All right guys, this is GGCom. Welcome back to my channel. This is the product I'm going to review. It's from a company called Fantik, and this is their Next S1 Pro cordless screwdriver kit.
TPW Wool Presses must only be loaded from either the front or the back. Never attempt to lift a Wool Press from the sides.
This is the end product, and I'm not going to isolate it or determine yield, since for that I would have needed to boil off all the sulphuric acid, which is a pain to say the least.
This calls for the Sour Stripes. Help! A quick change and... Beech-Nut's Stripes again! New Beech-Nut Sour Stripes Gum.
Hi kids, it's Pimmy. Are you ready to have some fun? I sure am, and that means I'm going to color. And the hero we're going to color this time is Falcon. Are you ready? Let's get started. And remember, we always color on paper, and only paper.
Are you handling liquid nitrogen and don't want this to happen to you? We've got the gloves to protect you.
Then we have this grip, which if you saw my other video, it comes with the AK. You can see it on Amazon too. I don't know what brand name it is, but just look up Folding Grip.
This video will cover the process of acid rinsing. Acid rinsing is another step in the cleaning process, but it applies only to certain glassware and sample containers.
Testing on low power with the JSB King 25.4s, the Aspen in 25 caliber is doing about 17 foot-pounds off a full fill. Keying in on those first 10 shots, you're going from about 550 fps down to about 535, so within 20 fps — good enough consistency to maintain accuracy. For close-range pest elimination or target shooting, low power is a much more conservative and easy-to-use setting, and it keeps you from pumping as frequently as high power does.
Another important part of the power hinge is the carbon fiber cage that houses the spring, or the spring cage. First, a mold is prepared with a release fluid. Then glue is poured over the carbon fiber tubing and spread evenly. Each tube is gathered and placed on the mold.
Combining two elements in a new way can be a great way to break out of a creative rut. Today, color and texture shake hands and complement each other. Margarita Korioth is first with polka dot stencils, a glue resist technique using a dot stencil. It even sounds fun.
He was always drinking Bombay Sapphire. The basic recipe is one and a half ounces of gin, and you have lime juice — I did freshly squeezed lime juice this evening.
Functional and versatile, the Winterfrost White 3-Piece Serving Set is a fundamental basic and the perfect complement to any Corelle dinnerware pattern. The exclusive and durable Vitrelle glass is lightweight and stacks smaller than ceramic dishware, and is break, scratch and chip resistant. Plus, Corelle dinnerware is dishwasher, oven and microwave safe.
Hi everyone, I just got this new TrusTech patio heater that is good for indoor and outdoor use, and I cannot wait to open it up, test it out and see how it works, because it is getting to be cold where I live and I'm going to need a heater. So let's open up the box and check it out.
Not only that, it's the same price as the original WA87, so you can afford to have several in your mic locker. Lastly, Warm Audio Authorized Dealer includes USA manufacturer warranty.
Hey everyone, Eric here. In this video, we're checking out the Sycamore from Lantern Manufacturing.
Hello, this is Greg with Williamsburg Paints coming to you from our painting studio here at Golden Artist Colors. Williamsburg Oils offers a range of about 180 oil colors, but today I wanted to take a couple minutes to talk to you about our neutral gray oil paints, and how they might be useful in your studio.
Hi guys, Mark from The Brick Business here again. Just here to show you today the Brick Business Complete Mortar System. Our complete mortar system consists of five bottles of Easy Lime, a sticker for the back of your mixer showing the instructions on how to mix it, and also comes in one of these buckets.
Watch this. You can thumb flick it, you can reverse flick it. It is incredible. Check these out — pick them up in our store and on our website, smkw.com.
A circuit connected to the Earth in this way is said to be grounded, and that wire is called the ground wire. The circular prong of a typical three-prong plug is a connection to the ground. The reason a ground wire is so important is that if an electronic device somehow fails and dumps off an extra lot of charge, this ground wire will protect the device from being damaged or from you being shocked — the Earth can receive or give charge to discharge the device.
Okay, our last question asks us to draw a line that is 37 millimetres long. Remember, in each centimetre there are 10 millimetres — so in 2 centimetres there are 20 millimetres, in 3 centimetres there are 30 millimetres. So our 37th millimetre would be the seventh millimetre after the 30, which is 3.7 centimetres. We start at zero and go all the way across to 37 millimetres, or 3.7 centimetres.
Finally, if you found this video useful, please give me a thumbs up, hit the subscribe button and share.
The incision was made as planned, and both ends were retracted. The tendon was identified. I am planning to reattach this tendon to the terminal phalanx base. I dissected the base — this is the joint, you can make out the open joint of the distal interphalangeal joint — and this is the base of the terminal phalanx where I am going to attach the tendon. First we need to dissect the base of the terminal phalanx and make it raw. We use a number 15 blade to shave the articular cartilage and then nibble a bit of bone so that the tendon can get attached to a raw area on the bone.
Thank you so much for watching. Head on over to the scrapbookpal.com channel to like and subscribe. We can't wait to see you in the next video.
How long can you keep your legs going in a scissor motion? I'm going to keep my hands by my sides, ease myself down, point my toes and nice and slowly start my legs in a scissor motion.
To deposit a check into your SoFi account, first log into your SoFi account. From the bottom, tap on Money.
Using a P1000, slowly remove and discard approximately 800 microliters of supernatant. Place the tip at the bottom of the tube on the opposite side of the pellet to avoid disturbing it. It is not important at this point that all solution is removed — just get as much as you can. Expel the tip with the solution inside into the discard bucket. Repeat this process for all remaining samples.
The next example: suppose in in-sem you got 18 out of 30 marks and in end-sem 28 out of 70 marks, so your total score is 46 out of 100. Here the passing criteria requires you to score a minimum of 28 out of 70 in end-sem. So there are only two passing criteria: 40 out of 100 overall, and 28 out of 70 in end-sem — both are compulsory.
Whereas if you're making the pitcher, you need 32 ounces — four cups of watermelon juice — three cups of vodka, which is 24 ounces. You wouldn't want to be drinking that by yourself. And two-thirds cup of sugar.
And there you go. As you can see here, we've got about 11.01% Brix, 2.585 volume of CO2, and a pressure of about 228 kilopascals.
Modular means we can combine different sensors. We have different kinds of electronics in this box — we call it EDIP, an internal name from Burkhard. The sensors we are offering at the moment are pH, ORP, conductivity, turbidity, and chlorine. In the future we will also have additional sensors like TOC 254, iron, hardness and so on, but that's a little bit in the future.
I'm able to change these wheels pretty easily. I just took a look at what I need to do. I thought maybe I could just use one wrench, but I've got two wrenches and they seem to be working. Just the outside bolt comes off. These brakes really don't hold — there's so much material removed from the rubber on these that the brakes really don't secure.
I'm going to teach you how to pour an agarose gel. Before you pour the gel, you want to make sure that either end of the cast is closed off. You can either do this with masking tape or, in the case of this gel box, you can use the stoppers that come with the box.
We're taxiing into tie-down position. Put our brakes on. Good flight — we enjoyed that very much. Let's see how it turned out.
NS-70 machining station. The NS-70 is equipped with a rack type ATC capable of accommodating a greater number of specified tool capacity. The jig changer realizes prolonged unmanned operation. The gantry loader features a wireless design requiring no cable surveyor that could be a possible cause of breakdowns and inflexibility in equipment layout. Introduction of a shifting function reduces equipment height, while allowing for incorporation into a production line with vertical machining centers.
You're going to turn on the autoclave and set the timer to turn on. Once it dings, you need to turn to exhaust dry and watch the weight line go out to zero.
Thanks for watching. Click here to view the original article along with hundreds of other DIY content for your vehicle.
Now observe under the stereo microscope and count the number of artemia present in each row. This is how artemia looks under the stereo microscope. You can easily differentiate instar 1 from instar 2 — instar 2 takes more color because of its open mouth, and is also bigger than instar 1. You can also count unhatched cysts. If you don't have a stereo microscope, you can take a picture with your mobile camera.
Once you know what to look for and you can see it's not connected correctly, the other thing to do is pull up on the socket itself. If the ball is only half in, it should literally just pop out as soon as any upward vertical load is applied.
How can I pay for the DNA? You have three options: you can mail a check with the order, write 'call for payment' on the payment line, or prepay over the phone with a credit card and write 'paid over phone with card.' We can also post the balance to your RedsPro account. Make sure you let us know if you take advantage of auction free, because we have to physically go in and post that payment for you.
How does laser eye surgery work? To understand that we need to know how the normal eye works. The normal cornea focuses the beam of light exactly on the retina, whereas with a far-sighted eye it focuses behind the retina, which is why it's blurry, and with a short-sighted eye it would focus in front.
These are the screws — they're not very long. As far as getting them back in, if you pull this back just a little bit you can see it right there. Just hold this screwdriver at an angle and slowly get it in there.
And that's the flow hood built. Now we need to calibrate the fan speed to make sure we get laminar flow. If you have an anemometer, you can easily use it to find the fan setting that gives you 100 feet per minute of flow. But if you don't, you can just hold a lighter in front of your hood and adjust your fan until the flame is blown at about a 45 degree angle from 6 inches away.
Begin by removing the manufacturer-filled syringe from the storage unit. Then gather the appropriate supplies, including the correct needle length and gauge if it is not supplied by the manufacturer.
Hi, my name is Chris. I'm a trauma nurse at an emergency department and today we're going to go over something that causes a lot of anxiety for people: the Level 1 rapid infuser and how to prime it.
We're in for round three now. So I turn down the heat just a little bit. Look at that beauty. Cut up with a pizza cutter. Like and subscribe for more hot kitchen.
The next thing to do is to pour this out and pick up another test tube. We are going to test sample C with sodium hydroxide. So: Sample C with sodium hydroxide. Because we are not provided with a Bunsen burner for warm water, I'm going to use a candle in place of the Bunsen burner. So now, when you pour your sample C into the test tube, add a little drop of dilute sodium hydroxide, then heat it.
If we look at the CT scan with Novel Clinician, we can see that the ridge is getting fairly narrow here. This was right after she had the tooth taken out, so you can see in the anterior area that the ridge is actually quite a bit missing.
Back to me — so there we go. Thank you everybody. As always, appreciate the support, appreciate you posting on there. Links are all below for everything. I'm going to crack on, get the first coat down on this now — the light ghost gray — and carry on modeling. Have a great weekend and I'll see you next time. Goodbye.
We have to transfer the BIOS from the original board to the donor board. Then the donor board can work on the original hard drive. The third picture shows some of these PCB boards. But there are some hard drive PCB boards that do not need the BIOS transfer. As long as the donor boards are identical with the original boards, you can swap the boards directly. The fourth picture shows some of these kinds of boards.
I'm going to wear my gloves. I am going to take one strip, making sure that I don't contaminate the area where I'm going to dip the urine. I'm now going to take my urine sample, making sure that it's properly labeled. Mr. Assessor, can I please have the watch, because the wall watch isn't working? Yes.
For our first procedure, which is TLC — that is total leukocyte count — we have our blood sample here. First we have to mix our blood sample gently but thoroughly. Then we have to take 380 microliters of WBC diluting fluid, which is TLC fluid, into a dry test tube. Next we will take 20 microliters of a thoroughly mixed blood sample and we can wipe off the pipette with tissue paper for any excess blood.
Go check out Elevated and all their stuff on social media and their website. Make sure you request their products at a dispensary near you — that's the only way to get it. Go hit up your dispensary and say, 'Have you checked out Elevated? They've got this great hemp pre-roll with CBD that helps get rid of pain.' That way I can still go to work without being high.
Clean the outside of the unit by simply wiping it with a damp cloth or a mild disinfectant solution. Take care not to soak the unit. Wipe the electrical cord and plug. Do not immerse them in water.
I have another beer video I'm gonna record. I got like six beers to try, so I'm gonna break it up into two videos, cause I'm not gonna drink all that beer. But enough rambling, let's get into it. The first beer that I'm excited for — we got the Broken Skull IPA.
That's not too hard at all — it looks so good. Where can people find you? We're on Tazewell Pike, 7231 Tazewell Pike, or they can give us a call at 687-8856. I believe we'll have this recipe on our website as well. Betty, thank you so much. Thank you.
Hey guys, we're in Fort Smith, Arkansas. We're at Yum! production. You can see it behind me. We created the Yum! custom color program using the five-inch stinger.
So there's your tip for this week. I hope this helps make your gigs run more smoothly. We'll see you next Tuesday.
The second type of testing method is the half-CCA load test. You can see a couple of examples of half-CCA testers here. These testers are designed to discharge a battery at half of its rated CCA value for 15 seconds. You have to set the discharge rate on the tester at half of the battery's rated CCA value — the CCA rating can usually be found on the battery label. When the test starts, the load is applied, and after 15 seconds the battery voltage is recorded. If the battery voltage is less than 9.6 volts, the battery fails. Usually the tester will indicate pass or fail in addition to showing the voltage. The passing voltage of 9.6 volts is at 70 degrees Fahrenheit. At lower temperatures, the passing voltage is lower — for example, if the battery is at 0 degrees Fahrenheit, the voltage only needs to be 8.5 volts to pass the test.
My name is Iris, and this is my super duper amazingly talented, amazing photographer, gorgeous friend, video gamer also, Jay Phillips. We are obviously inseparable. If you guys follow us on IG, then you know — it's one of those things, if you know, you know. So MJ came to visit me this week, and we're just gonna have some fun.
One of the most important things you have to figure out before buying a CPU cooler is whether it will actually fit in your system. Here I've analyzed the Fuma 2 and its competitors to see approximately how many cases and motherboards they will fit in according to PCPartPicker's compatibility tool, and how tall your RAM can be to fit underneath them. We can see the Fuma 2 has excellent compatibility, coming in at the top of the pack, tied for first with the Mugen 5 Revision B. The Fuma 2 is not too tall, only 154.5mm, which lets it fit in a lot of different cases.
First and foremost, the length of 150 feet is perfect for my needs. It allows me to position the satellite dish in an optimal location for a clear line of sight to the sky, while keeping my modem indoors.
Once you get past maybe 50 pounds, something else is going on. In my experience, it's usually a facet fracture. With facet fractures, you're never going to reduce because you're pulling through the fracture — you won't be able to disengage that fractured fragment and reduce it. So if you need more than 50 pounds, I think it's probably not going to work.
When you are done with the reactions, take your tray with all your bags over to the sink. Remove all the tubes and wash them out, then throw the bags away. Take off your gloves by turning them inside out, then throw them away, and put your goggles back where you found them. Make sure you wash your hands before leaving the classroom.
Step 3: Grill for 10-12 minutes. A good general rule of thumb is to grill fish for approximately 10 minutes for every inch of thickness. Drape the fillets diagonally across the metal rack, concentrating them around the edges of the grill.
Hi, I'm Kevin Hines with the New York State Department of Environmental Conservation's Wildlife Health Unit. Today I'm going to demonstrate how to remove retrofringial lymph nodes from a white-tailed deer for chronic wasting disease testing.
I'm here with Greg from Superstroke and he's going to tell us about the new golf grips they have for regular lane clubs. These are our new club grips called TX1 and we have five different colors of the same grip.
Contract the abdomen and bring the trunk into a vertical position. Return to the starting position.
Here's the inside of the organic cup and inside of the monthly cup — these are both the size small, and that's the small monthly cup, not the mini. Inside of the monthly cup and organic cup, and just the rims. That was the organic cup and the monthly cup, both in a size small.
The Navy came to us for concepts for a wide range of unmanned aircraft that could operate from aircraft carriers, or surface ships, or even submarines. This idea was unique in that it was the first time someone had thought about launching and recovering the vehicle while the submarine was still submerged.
* * *
Take the stretch of lines above from the one containing "Once you get" through the one containing "Contract the abdomen" and repeat it exactly, adding no other line.

Once you get past maybe 50 pounds, something else is going on. In my experience, it's usually a facet fracture. With facet fractures, you're never going to reduce because you're pulling through the fracture — you won't be able to disengage that fractured fragment and reduce it. So if you need more than 50 pounds, I think it's probably not going to work.
When you are done with the reactions, take your tray with all your bags over to the sink. Remove all the tubes and wash them out, then throw the bags away. Take off your gloves by turning them inside out, then throw them away, and put your goggles back where you found them. Make sure you wash your hands before leaving the classroom.
Step 3: Grill for 10-12 minutes. A good general rule of thumb is to grill fish for approximately 10 minutes for every inch of thickness. Drape the fillets diagonally across the metal rack, concentrating them around the edges of the grill.
Hi, I'm Kevin Hines with the New York State Department of Environmental Conservation's Wildlife Health Unit. Today I'm going to demonstrate how to remove retrofringial lymph nodes from a white-tailed deer for chronic wasting disease testing.
I'm here with Greg from Superstroke and he's going to tell us about the new golf grips they have for regular lane clubs. These are our new club grips called TX1 and we have five different colors of the same grip.
Contract the abdomen and bring the trunk into a vertical position. Return to the starting position.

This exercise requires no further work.